Problem requirements:
Starting with the line containing "Retro Red Gingham V-Neck Ruffle Blouse" and going on through the line containing "emoji-overbelasting fleece deken", return the lines of the data below exactly, and only those.
── Given data ──
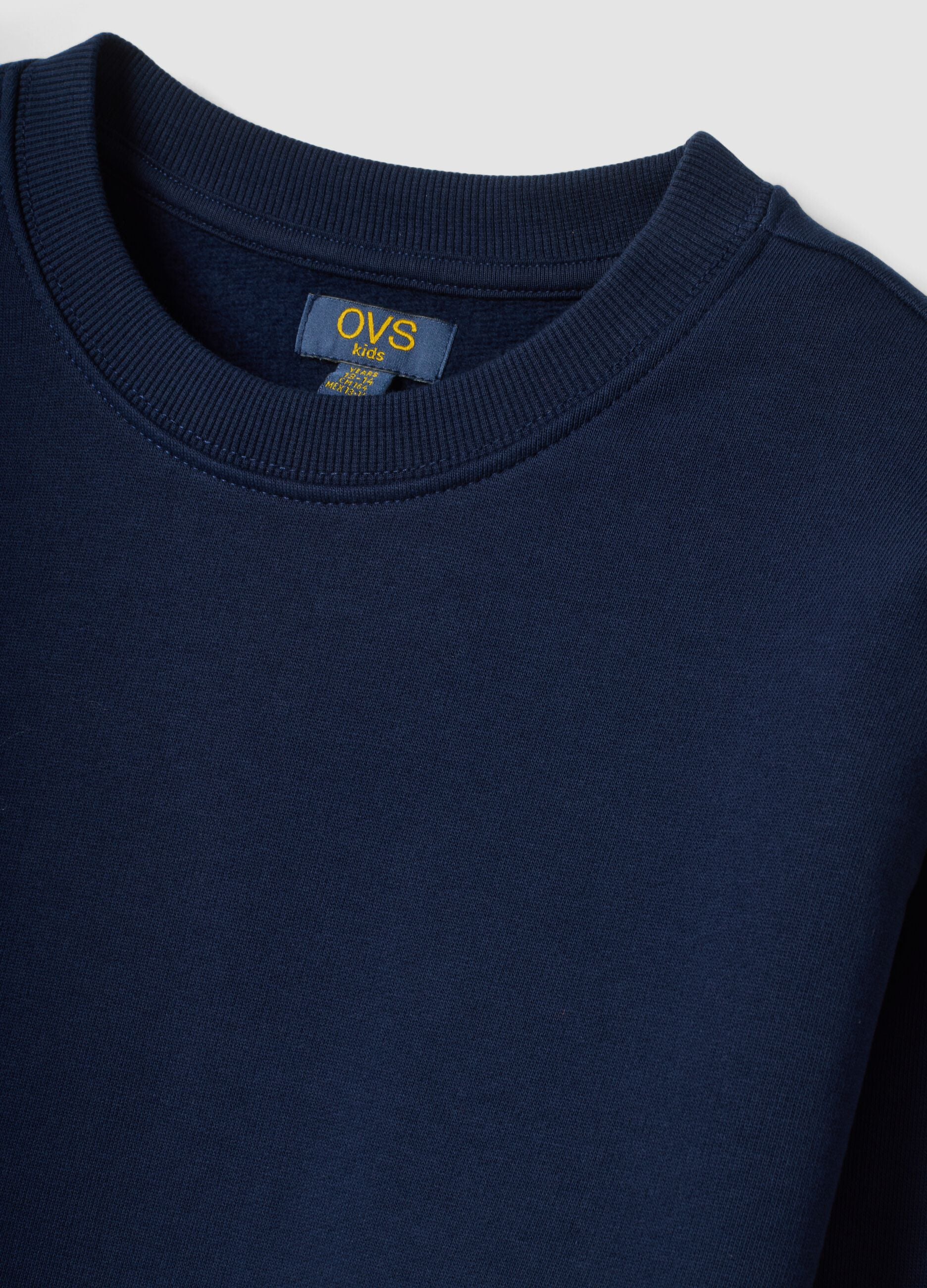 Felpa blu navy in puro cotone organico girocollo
───
── Given data ──
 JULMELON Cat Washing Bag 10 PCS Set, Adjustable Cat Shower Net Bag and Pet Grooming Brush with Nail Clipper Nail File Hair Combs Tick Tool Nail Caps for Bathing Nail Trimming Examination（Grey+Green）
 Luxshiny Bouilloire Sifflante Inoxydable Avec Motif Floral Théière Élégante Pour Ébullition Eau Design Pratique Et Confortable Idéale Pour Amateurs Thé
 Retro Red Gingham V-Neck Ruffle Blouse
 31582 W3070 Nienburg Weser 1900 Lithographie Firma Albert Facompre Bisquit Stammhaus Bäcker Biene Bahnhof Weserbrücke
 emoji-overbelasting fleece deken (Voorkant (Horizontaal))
───
Exercise answer:
 Retro Red Gingham V-Neck Ruffle Blouse
 31582 W3070 Nienburg Weser 1900 Lithographie Firma Albert Facompre Bisquit Stammhaus Bäcker Biene Bahnhof Weserbrücke
 emoji-overbelasting fleece deken (Voorkant (Horizontaal))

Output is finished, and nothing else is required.